Work required => In the listing below, the answer starts at the line that has "Woman using e-reader in meadow" and stops after the line that has "Office area with"; please repeat that part exactly and nothing more.

Data provided =>
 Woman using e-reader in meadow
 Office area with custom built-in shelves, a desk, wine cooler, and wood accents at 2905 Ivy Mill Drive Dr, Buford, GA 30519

---

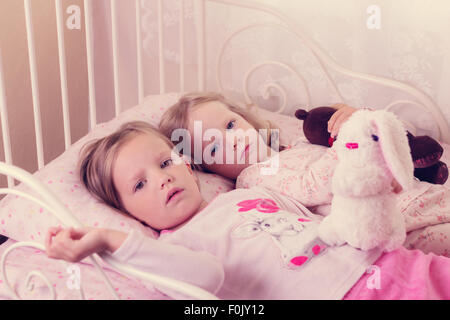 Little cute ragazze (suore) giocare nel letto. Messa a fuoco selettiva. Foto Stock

Written response =>
 Woman using e-reader in meadow
 Office area with custom built-in shelves, a desk, wine cooler, and wood accents at 2905 Ivy Mill Drive Dr, Buford, GA 30519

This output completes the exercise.